Niagara Gazette — "Our vision is to win championships here," Clawson said. "I think if you set your goal anything lower than being a champion, then you're setting the standard too low. ... We know it's going to take a lot of work. We have to get the right people on board ... but I believe wholeheartedly that can be done at Wake Forest, and we will work relentlessly toward that goal until it is accomplished."
Clawson will have to rebuild much of the roster. Most of the key players from this year's 4-8 season — including quarterback Tanner Price, receiver Michael Campanaro and nose tackle Nikita Whitlock — were seniors.

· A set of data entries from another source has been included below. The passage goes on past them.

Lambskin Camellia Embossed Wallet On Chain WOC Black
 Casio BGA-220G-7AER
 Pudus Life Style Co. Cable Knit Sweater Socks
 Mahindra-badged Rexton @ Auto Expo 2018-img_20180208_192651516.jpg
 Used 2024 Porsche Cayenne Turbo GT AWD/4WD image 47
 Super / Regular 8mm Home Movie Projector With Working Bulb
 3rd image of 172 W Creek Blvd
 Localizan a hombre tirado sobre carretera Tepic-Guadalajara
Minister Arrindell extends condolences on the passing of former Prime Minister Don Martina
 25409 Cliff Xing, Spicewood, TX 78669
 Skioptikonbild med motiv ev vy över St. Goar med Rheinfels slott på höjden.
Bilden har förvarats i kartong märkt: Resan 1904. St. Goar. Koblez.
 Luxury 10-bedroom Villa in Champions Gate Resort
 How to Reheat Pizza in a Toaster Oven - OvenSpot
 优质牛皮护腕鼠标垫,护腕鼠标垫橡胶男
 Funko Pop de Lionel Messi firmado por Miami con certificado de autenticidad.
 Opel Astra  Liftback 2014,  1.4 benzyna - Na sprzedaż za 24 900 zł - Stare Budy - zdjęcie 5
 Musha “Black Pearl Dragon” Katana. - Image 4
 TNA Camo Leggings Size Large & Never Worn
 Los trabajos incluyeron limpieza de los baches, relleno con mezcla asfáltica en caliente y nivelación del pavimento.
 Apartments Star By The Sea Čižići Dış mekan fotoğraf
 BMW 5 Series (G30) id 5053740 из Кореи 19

Making things tougher, Wake Forest shares the Atlantic Division with No. 1 Florida State, which is headed to the BCS title game, plus No. 12 Clemson and starting next year, No. 18 Louisville, which replaces Big Ten-bound Maryland.
Plus, the Demon Deacons' annual cross-division opponent is No. 22 Duke, which won the Coastal Division — and, coincidentally, Clawson was the successor to David Cutcliffe as Tennessee's offensive coordinator in 2008 when he left for Duke.
With a nod to Wake Forest's unique method of celebrating big victories, he said "we look forward to rolling the quad many times here."
Turnarounds seem to be Clawson's specialty.
He rebuilt the FCS programs at Fordham and Richmond, earning Division I-AA national coach of the year awards at each of those schools.
Fordham won 22 games in the 10 years before he arrived, but in his fourth season he went 10-3 and reached the Division I-AA quarterfinals.
Then he took over the Spiders and Wellman said he "performed the same magic and quickly established Richmond as a national power," reaching the postseason twice before leaving behind the core of the Spiders team that won the 2008 national title.
Most recently, he led Bowling Green (10-3) to an upset of previously unbeaten and then-No. 16 Northern Illinois in the Mid-American Conference championship game last week.